(Captioned web images)

════════════════

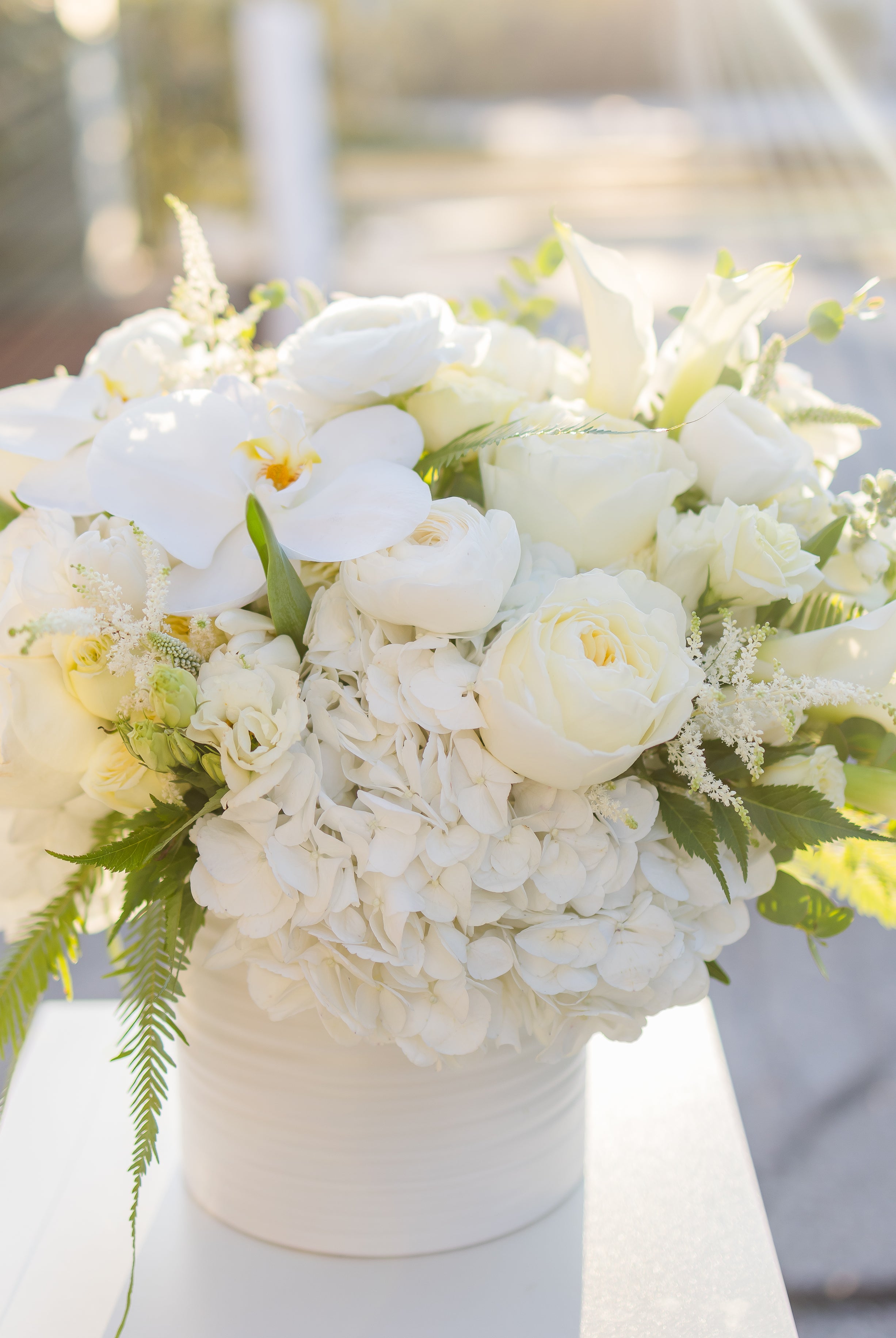 The White Collection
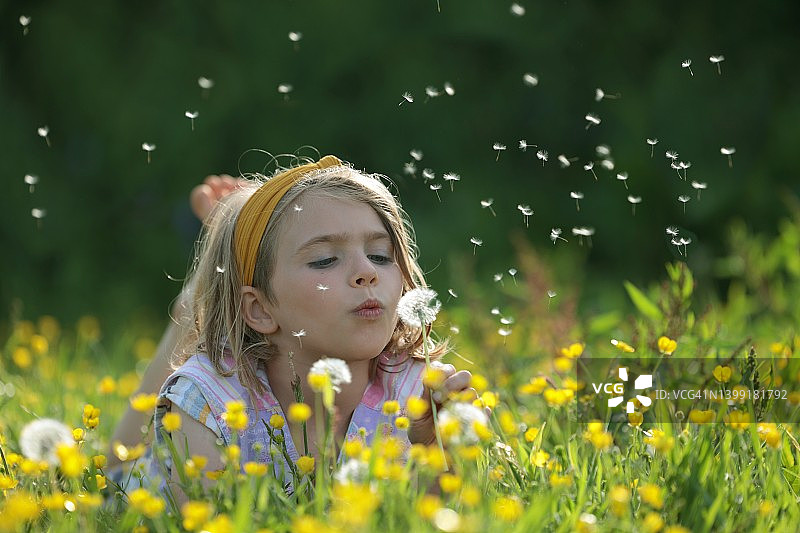 在花田中吹蒲公英种子的女孩图片素材
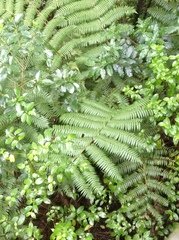 Cyathea dealbata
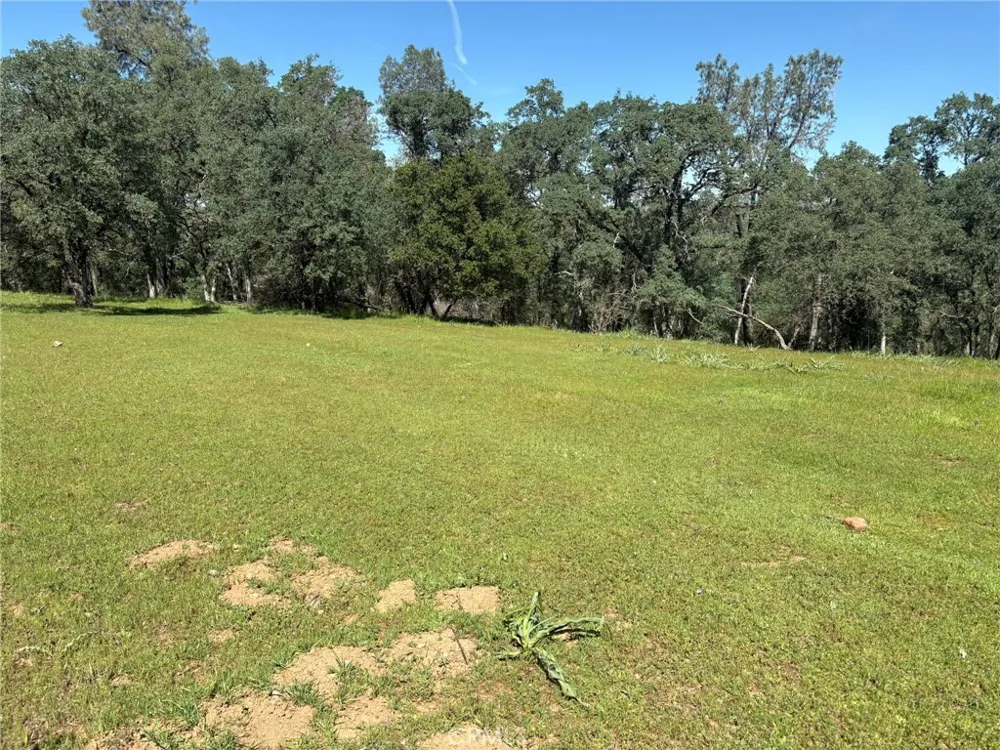 3465 Foothill Boulevard Oroville, CA 95966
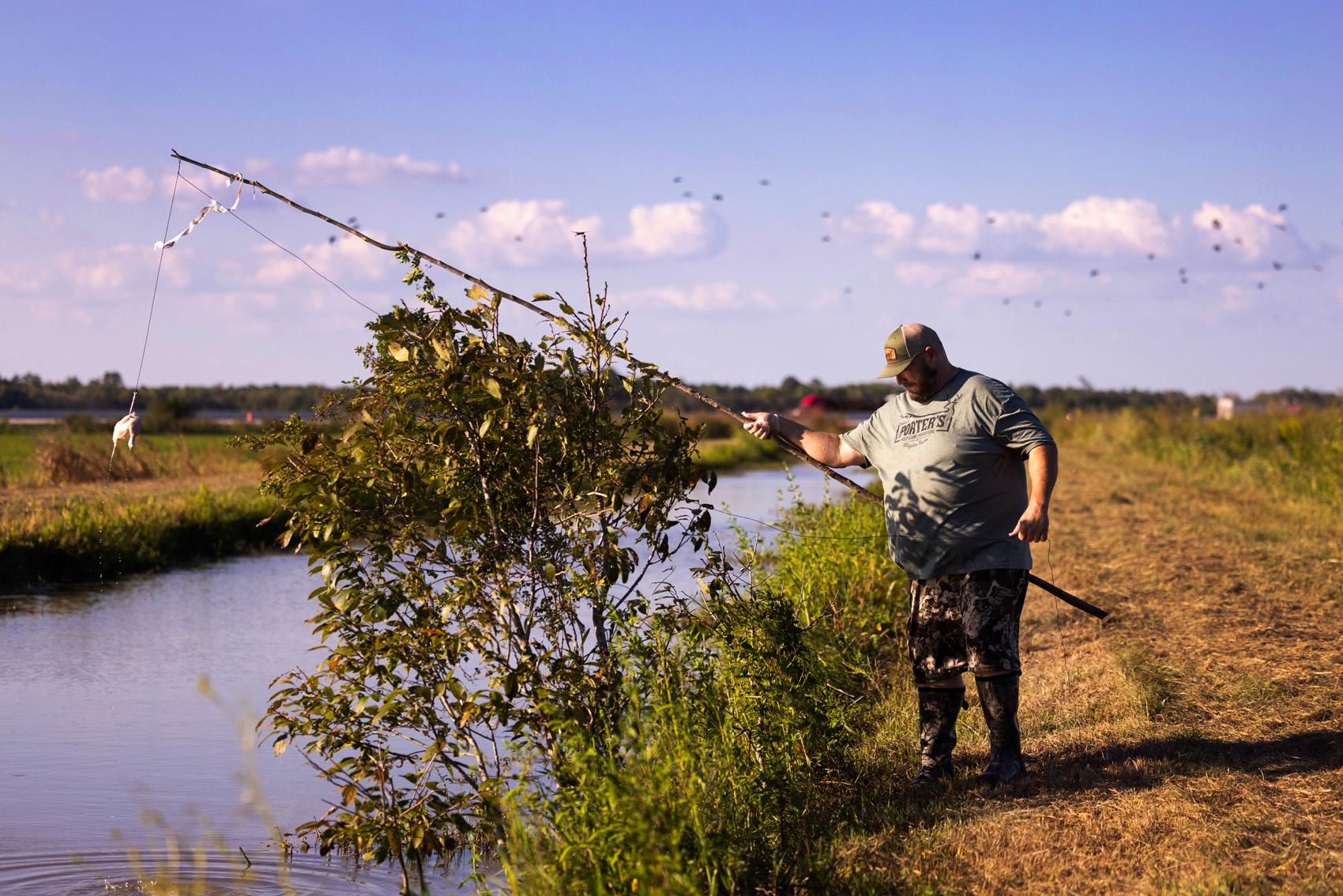 A man places a gator trap. The traps consist of a large hook through a piece of raw chicken.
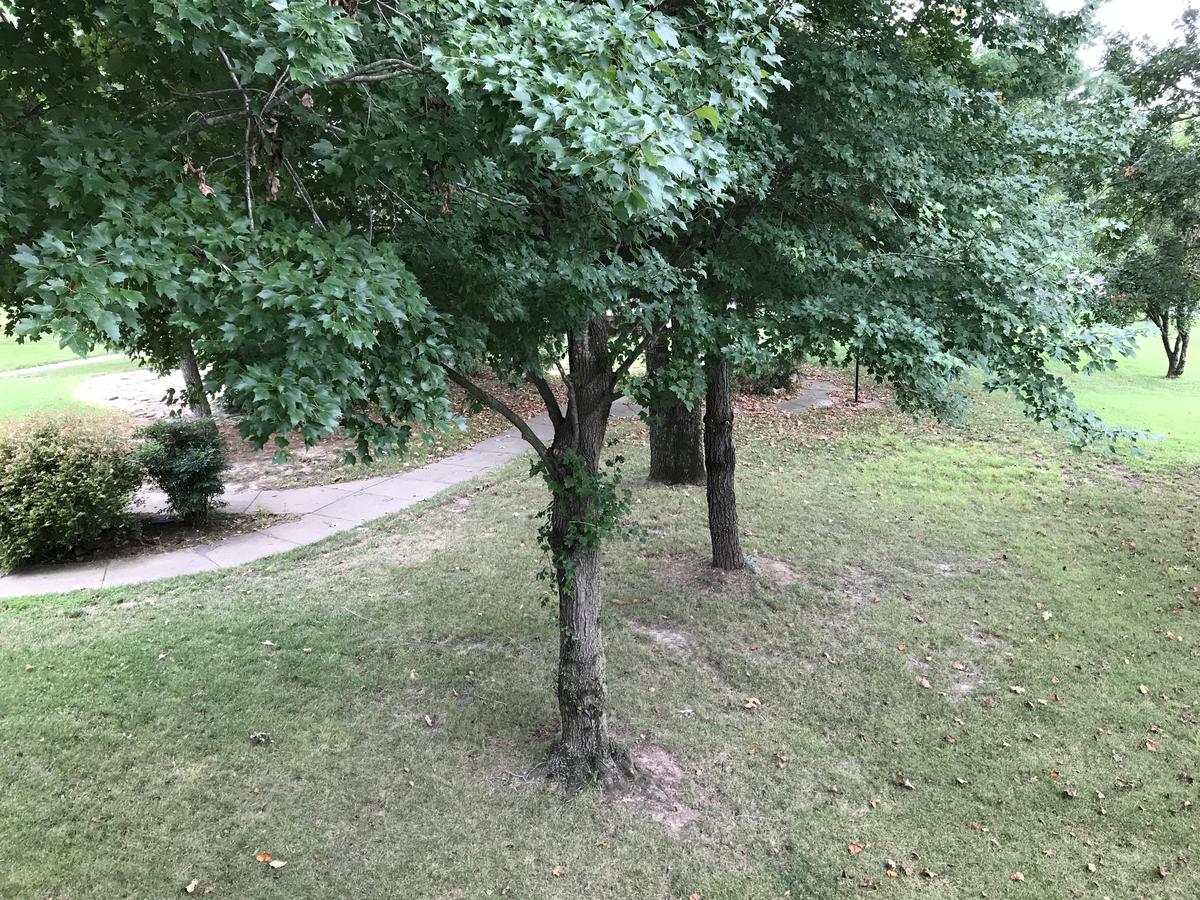 Foothills - thumb 11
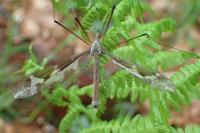 Tipula maxima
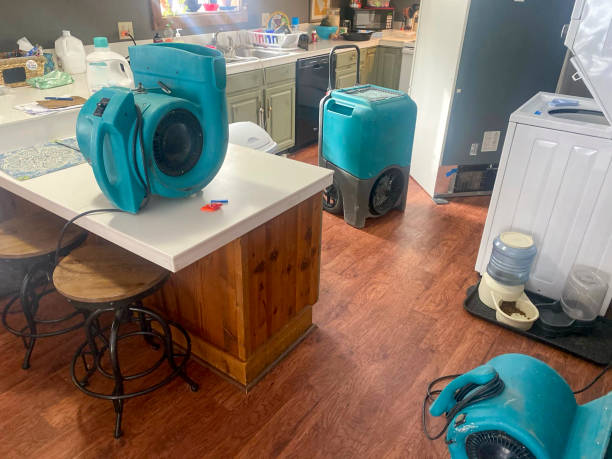 Best Local water damage restoration  in Tigerville, SC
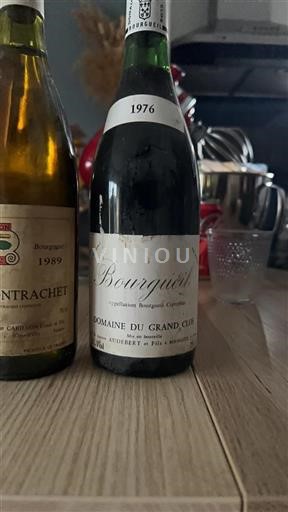 Loire-dalen Bourgueil Domaine Grand Clos 1976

════════════════

EXERCISE DESCRIPTION: From the line that contains "Tipula maxima" to the last line of the data, print each line exactly, both ends included, and omit the pictures.

RESULT FOR THIS EXERCISE:
 Tipula maxima
 Best Local water damage restoration  in Tigerville, SC
 Loire-dalen Bourgueil Domaine Grand Clos 1976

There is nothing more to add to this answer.